Stephen King voulait
faire un roman de science-fiction, sur la densité du temps perdu et retrouvé,
pas un roman de politique-fiction. L’aspect moral du livre se contorsionne et
se perd dans le bon sens pratique bonhomme qu’éprouve d’ordinaire l’Américain
moyen: comment faire pour améliorer les choses ? C'est à ce sens racorni
que s'est borné King, en négligeant du reste l'autre versant de l'âme
américaine, l'idéalisme.
(1) Stéphane Roy pour les puristes?
(2) Un écrivain n'est pas tenu de chercher
et relater la vérité, certes...
(3) Certes, encore une fois, King expose ses raisons on pourrait presque dire de bonne fois, dans la postface. Le problème, c'est qu'elles sont nulles, superficielles, purement conformistes. Ruby aurait tué Oswald le dimanche 24 au matin uniquement parce qu'il se trouvait à côté du commissariat, envoyant de l'argent à l'une de ses danseuses. Tout serait dû finalement à un "effet papillon" ou simplement au hasard. De la même manière, il note lui-même que W. Manchester ne donna aucune raison sérieuse à l'agissement meurtrier supposé d'Oswald. Les deux abolissent la volonté des personnages, ils sont le jouet de forces inconscientes (façon de parler d'un complot qui se fait tout seul, comme la commission de la Chambre des Représentants en 1978).

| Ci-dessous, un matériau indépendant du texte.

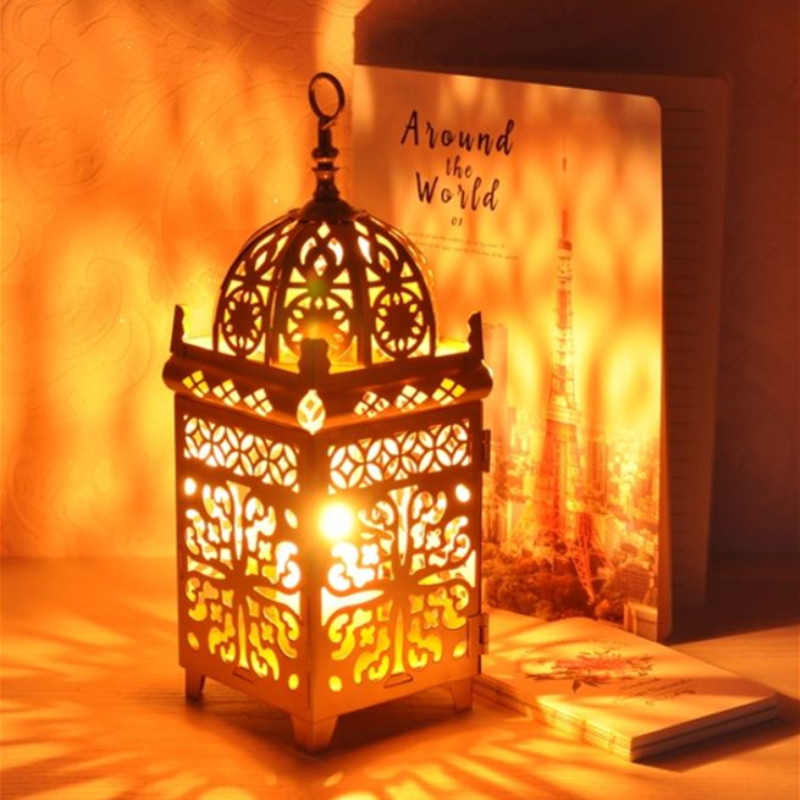Marokkansk stil metal håndværk lysestage hængende lanterne bryllupsdekoration retro lysekrone lysestage te lampe boligindretning
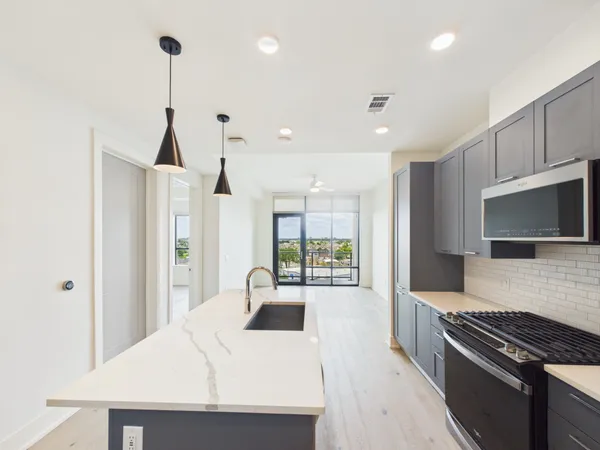 $2,669 | 929 Westcott Street, Unit 604, Houston, TX 77007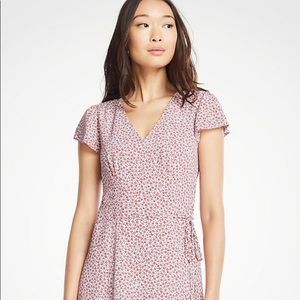 NWOT Ann Taylor FLORAL BELTED WRAP DRESS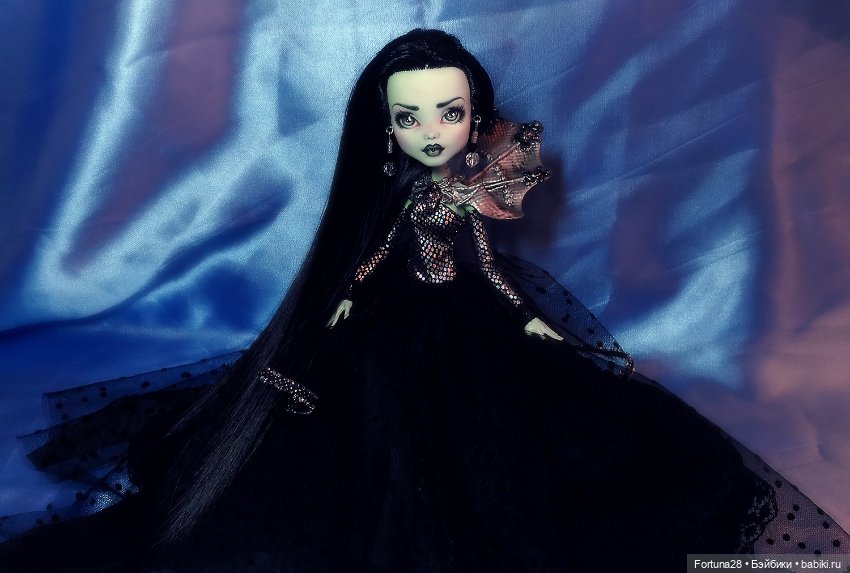 Сказка о темной королеве — ООАК Monster High и Ever After High: репейнт (фото 9)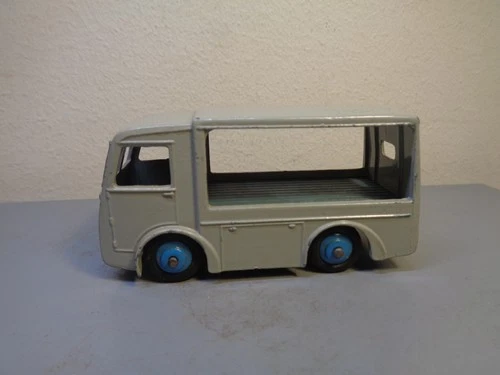 DINKY TOYS ENGLAND No 30V VINTAGE 1940'S ELECTRIC DAIRY VAN NMINT CONDITION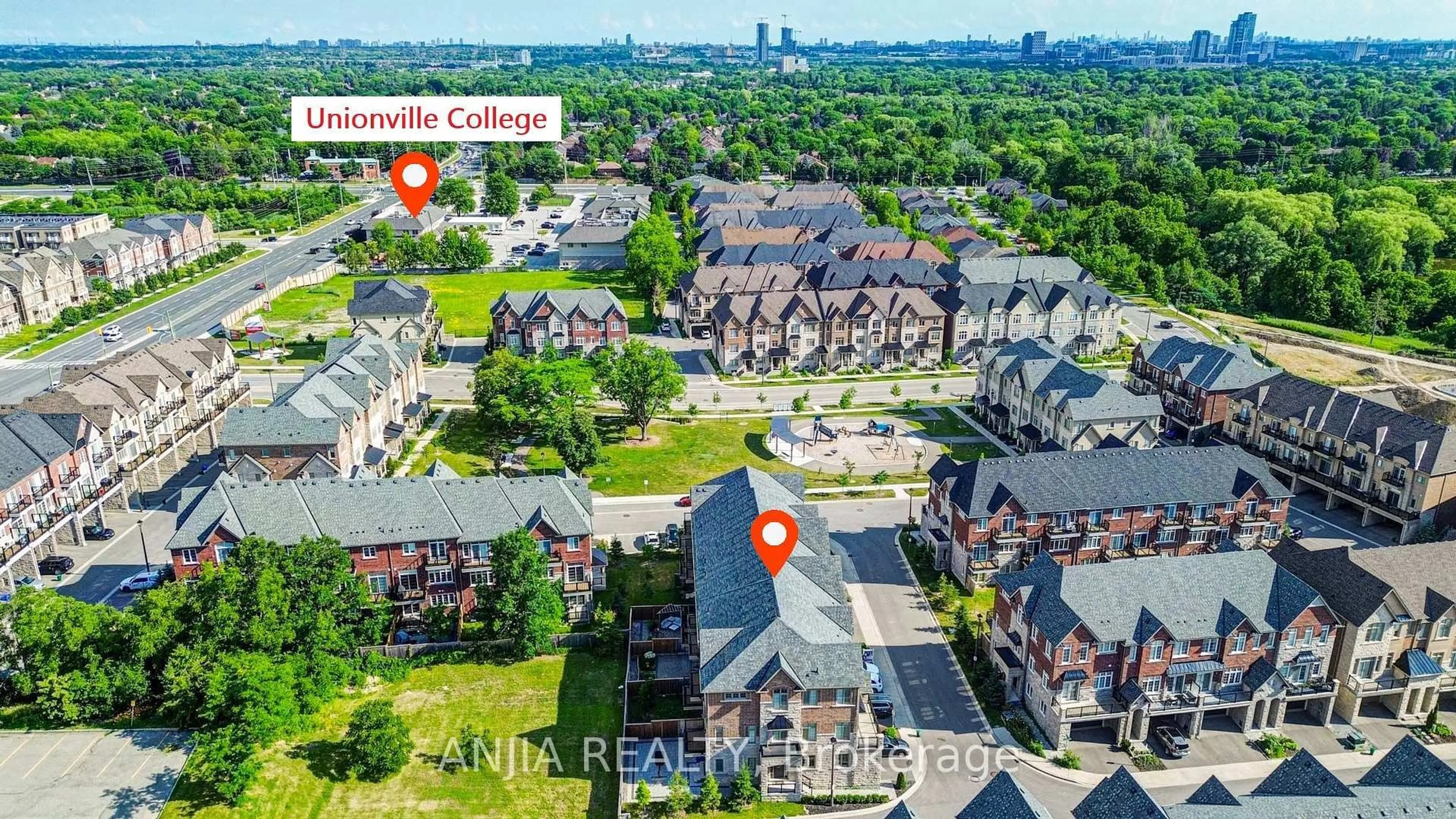 A pic from outside/outdoor area/front of a property/back of a property/a pic from drone, city buildings view from balcony for 7 Beaufort Way, Markham Ontario L6C 0Y7
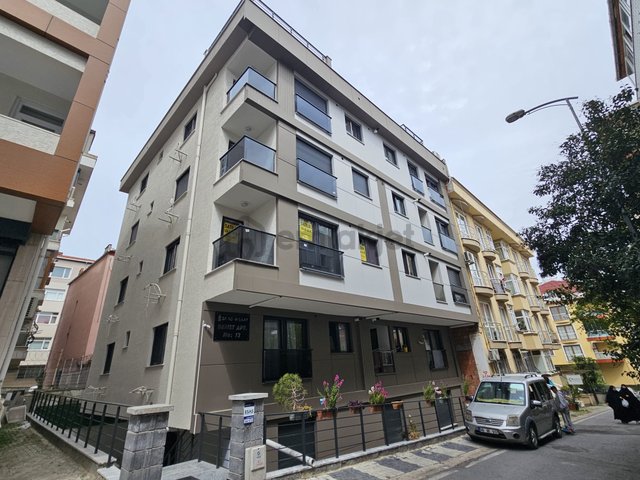 Üsküdar Libadiyede Merkezi Konumda, Yeni Binada, Boş 1+1 Daire Üsküdar Libadiyede Merkezi Konumda, Yeni Binada, Boş 1+1 Daire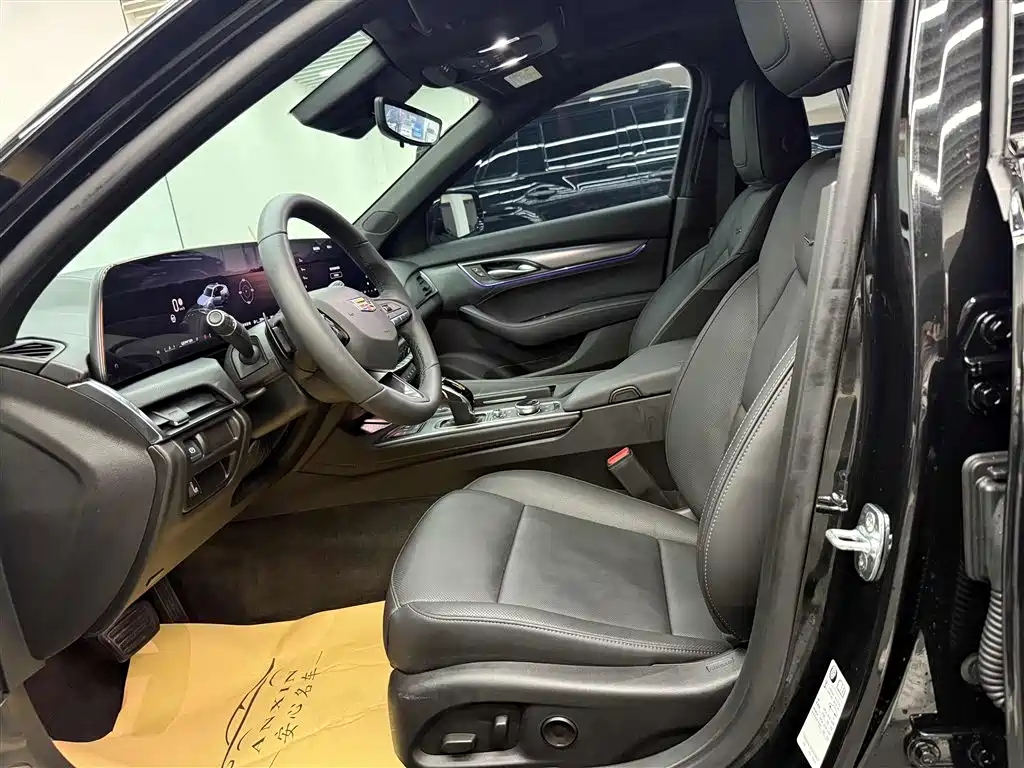Cadillac Cadillac CT5 2025 28T Track Performance Edition 2025 - thumbnail 6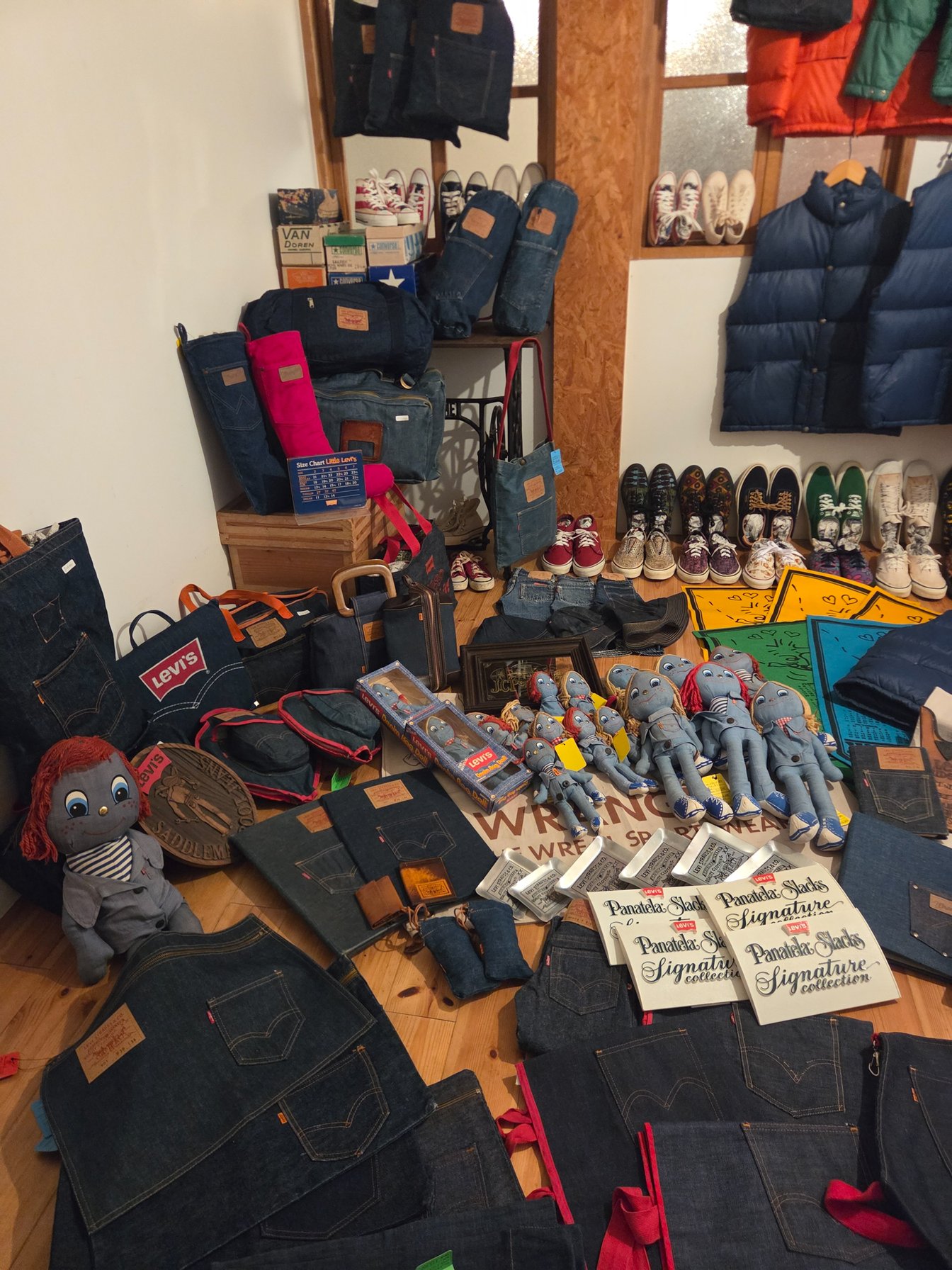 Levi's advertising item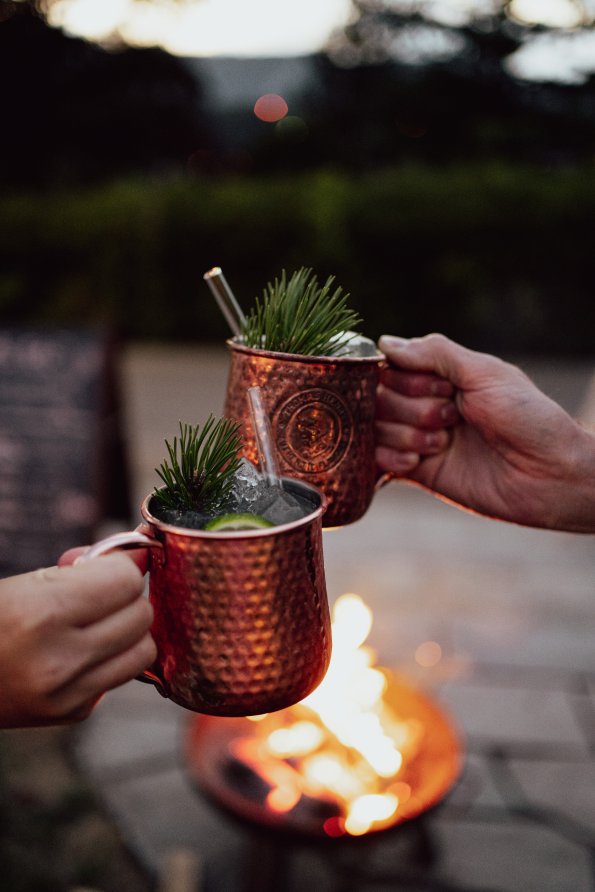 Bergheuber Gin am Lagerfeuer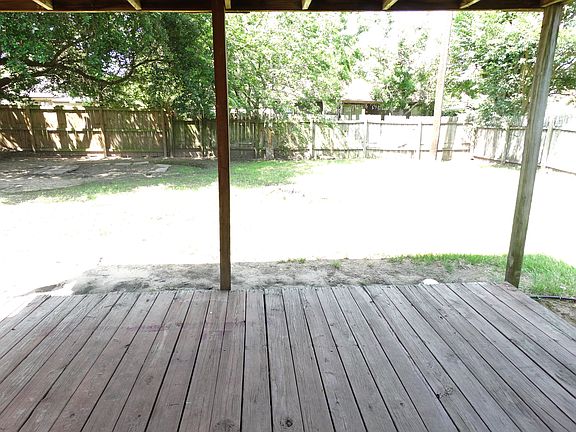 5th image of 3210 Wildrye Dr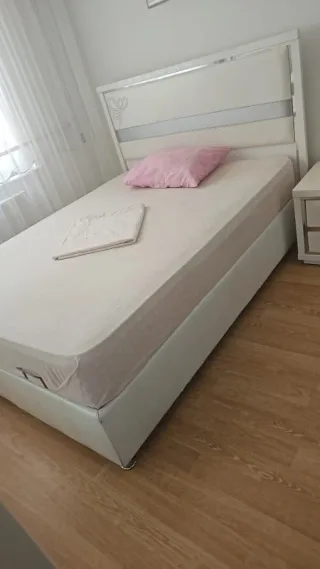 A****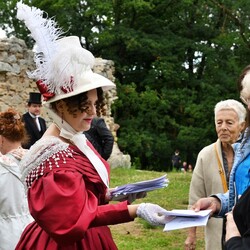 Pokaz mody z czasów Karola Goduli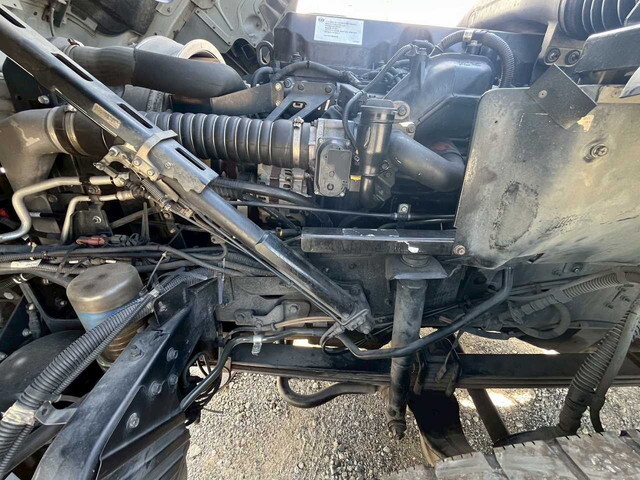 UDトラックスクオンコンテナ専用車大型（10t）[写真13]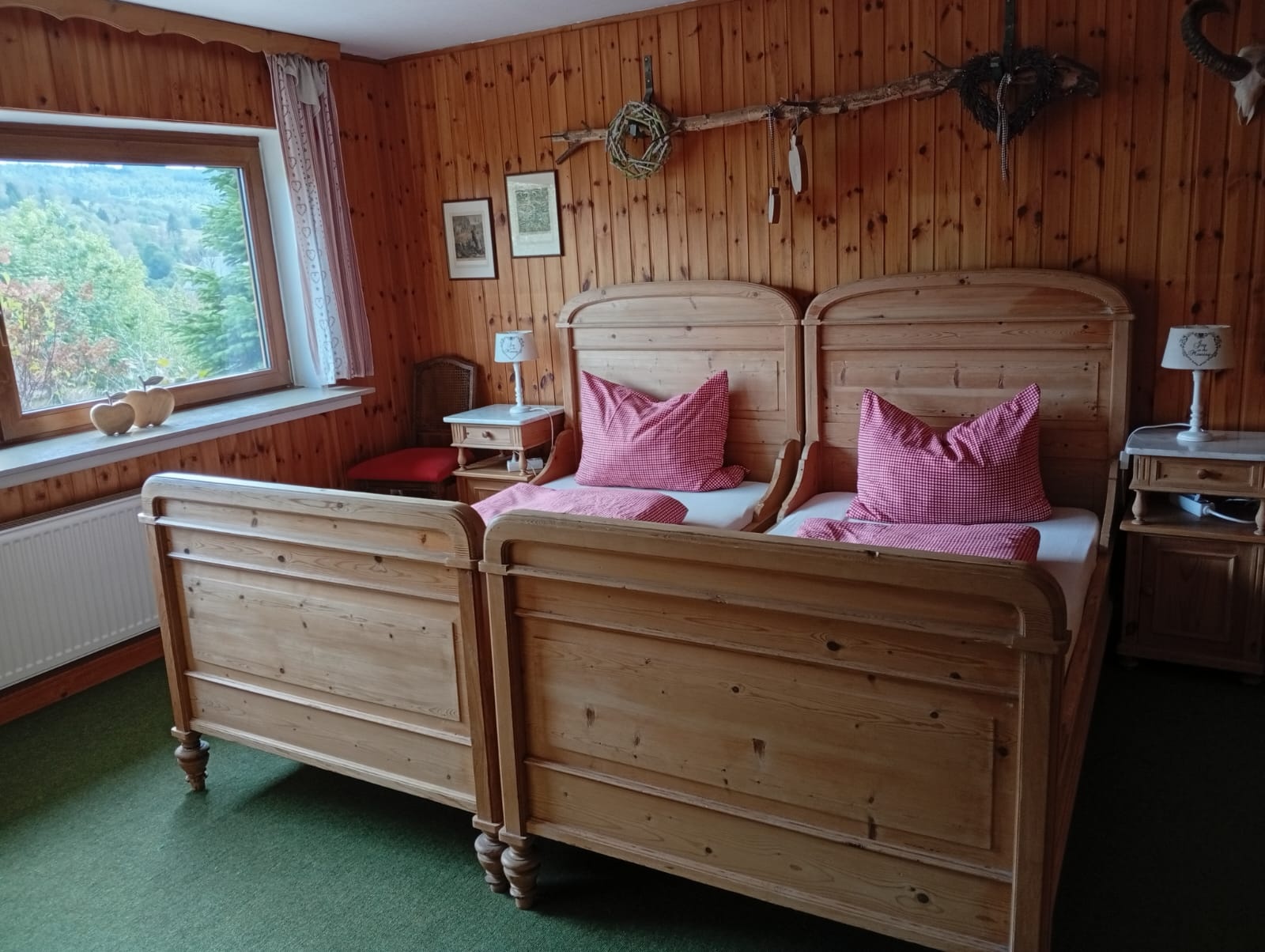 Schlafzimmer 3 im UG mit Vollholzbetten und Panoramablick ins Grüne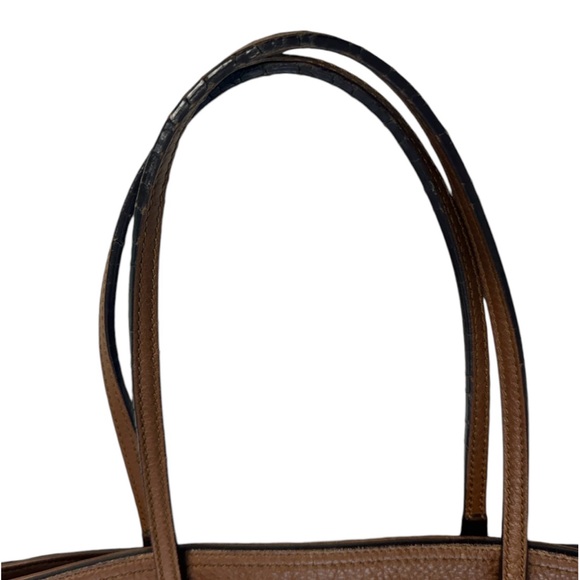 Gucci Pebble Leather Bree Tote - Picture 9 of 16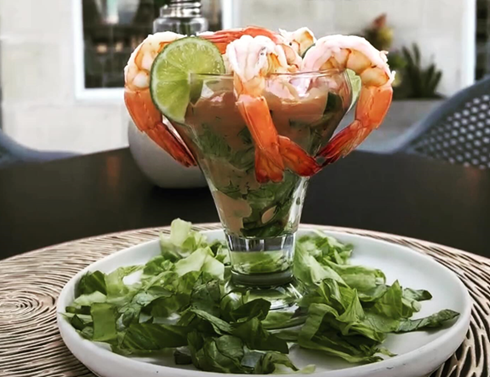 meraki-playa-el-agua-coctel-camarones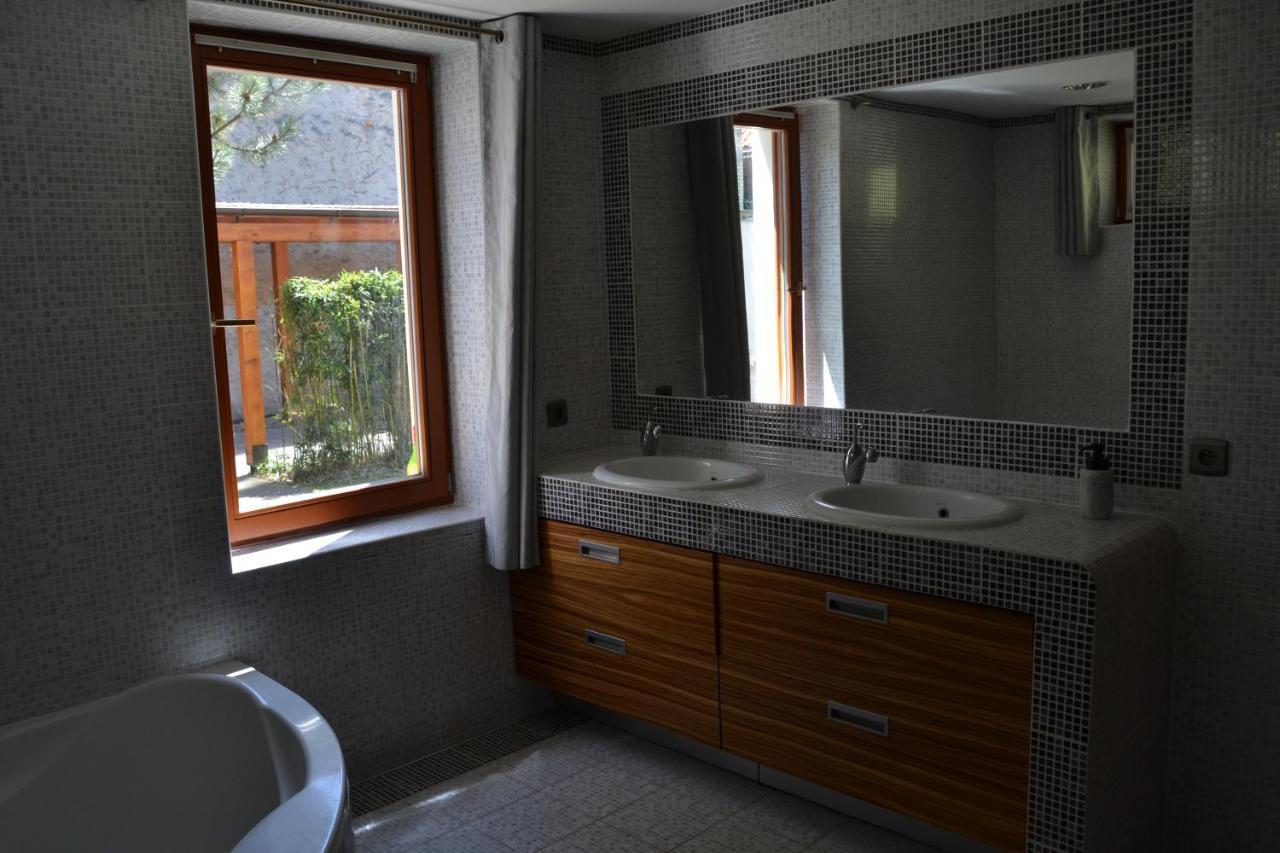 Villa Large House With Parking, 30 Min To Prague Center Uvaly (Central Bohemian)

(4) King, autant que Manchester charge la barque d'Oswald: "ce hargneux petit fils de pute" est un raté, un louseur, un mari violent, "un homme déjà obsédé par la célébrité et mentalement instable", bien que rien n'indique qu'il ait désiré la célébrité, qu'au contraire, c'était un discret, un taiseux, il "avait le profil type d'une recrue des Services secrets: issu d'une famille de militaires, il était en plus discret et silencieux de nature, et d'une intelligence au-dessus de la moyenne." (Garrison) Manchester et King s'en tiennent, eux, à des présupposés bien minces.
(5) W. Manchester ne s'y trompe pas, cette fois: le russe d'Oswald était même meilleur que celui de Ruth Paine; c'est "la seule chose qu'il avait réussi à faire - apprendre le russe..." Le but de Paine toutefois était de séparer Oswald de sa femme, afin de l'isoler, le plonger dans l'inquiétude, le tourment, en faire la proie du complot en préparation. Manchester décrit la scène mais ne la comprend pas: "A la fin de septembre, Ruth alla chercher en voiture Marina et la petite June et les ramena au Texas. Le foyer de Lee Oswald était définitivement brisé. Il n'avait jamais possédé grand-chose; maintenant, il n'avait plus rien. Ce fut pour lui un moment critique et Ruth remarqua qu'il avait "l'air très sombre"...
(6) Sans aucune base réaliste et tout bon sens envolé, King va jusqu'à faire de de Mohrenschildt un héraut anti-raciste et anti-fasciste qui appelle fraternellement Oswald "camarade"! Bien que collant aux conclusions de la commission Warren, Manchester s'était démarqué des présupposés anti-communistes qui avaient grandement alimenté la presse, en faisant d'Oswald un être flasque, sans conviction arrêtée. King replonge carrément dans l'air et l'ire anti-communiste de l'époque et façonne à nouveau un Oswald aux convictions communistes sincères.